# Shooting without a peep sight. Opinion?



## johndeere506 (Oct 26, 2009)

I have been shooting without a peep for a few years. My draw was too long at 29, now Im at 28 which helps. I still think it needs to be shorter, maybe 27.5 or even 27. I think this may be causing some inconsistency for me, especially with no peep sight. 
Has anyone used the Hind Sight or the IQ Retina lock? Im not sure but my groups may improve once I get the right draw length?
My issues are with shooting from 30 plus yards, under that Im ok.


----------



## triplelunger (Dec 21, 2009)

Is there a reason you dont use one? Unless I totally missed it!

Sent from my SCH-I545 using Ohub Campfire mobile app


----------



## Chevyguy28 (Dec 29, 2010)

This sounds more like a question about correct draw length.....

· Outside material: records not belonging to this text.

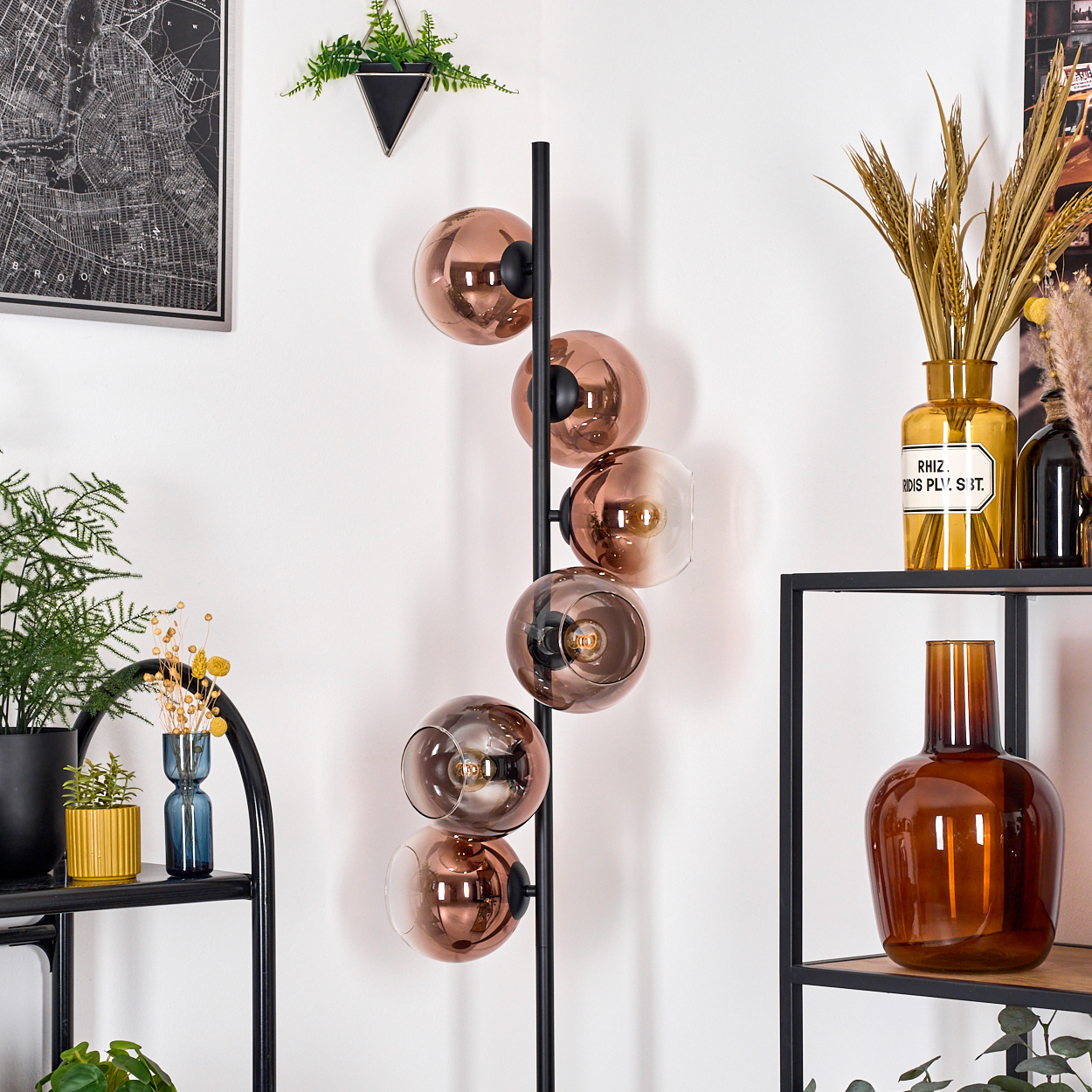 Modernes Wohnzimmer mit schwarzer Stehlampe mit Glaskugeln. Regale mit Vasen und Pflanzen sowie ein Kartenbild.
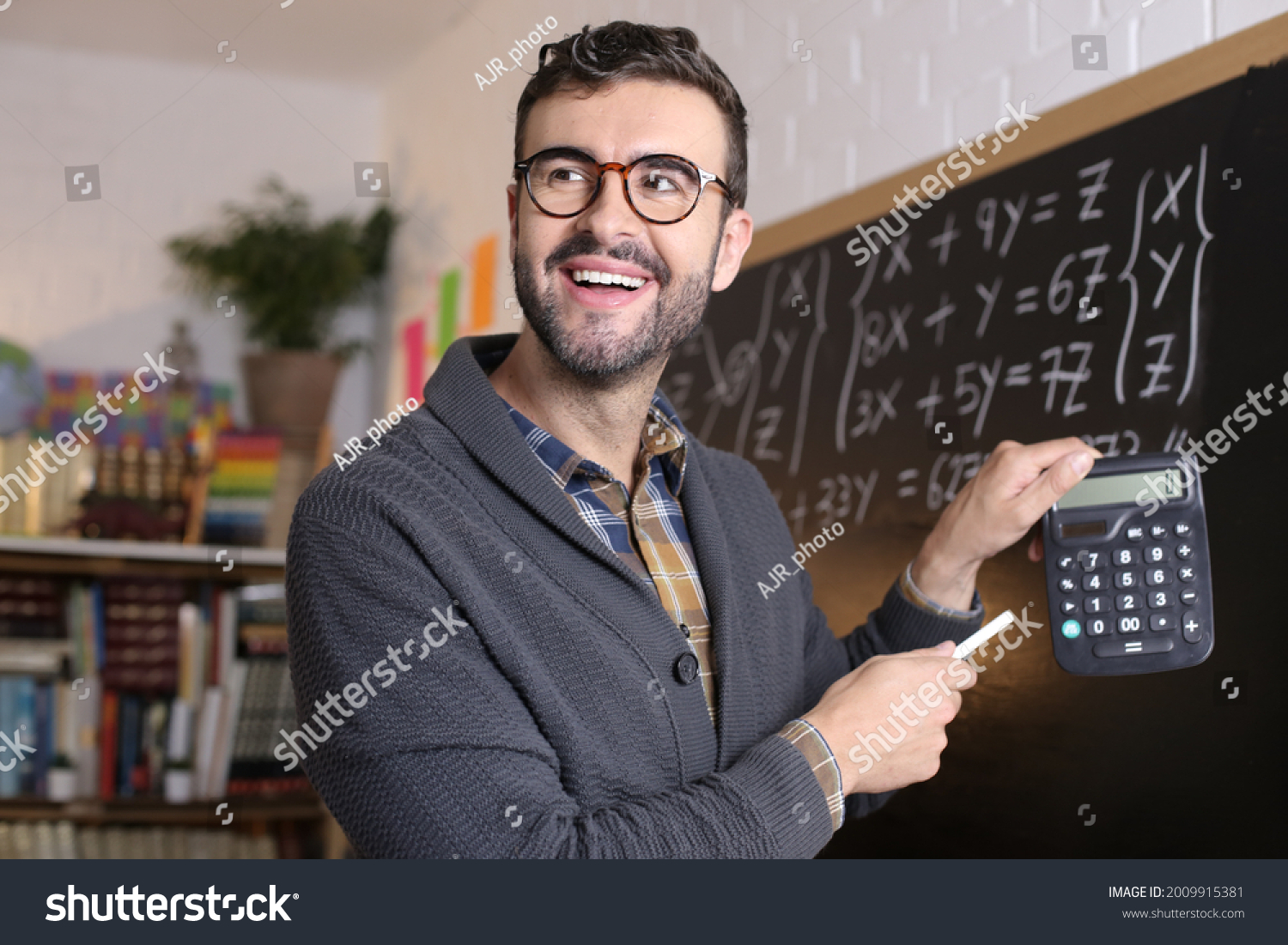 Math Teacher Holding Calculator Classroom Stock Photo 2009915381 ...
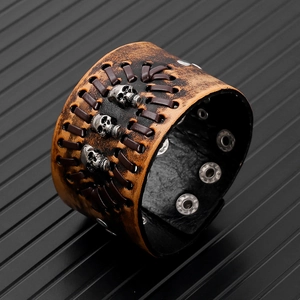 Macro detail of brown leather punk bracelet featuring skull studs and woven cords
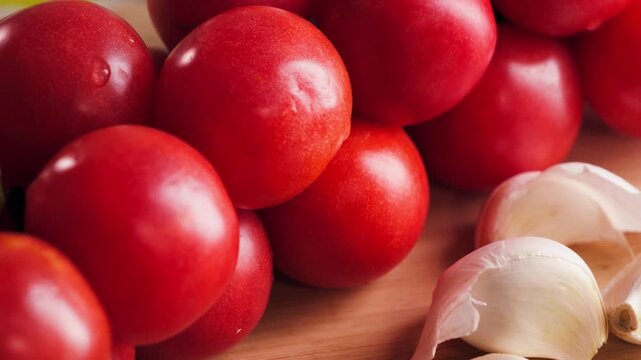 Close up of fresh red tomatoes and garlic on wooden surface, healthy ingredients for cooking concept. High quality 4k footage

Posted using Outdoor Hub Campfire


----------



## Joe Archer (Mar 29, 2000)

You put a lot on the table! Shooting a bow that doesn't fit you will most likely lead to bad form - bad form to inconsistencies. If you start with a well-tuned bow that fits you, it is likely that you can achieve accuracy out to 50 yards + without using a peep. 
When I started shooting a bow in the early 80's I shot bare-handed fingers without a peep. Back in 2008 I went to a release, but still do not use a peep. Heck, I even practice shooting my bow with fingers just in case the need ever were to arise in a hunting situation and am confident I would kill what I shoot at. 
I target shoot out to 50 yards with very good accuracy (I'd kill any silhouette I shoot at), but would not (and have not) shoot at deer beyond 25 yards. 
You don't need a peep for hunting purposes - consistent anchor and form will get you what you need. 
<----<<<


----------



## aquanator (Dec 1, 2005)

Joe Archer said:


> You put a lot on the table! Shooting a bow that doesn't fit you will most likely lead to bad form - bad form to inconsistencies. If you start with a well-tuned bow that fits you, it is likely that you can achieve accuracy out to 50 yards + without using a peep.
> When I started shooting a bow in the early 80's I shot bare-handed fingers without a peep. Back in 2008 I went to a release, but still do not use a peep. Heck, I even practice shooting my bow with fingers just in case the need ever were to arise in a hunting situation and am confident I would kill what I shoot at.
> I target shoot out to 50 yards with very good accuracy (I'd kill any silhouette I shoot at), but would not (and have not) shoot at deer beyond 25 yards.
> You don't need a peep for hunting purposes - consistent anchor and form will get you what you need.
> <----<<<


 
Ditto. I think many of us grew up shooting recurs, then compounds with fingers and only 1 pin sight, then added peeps, etc, etc. Form and practice can make you deadly at any range (within reason and bow range!).


----------



## johndeere506 (Oct 26, 2009)

No desire to use a peep sight ever again. The store that I bought the bow from "set me up", and I didnt know any better. Would not recommend anyone that is new to archery going to a big box store...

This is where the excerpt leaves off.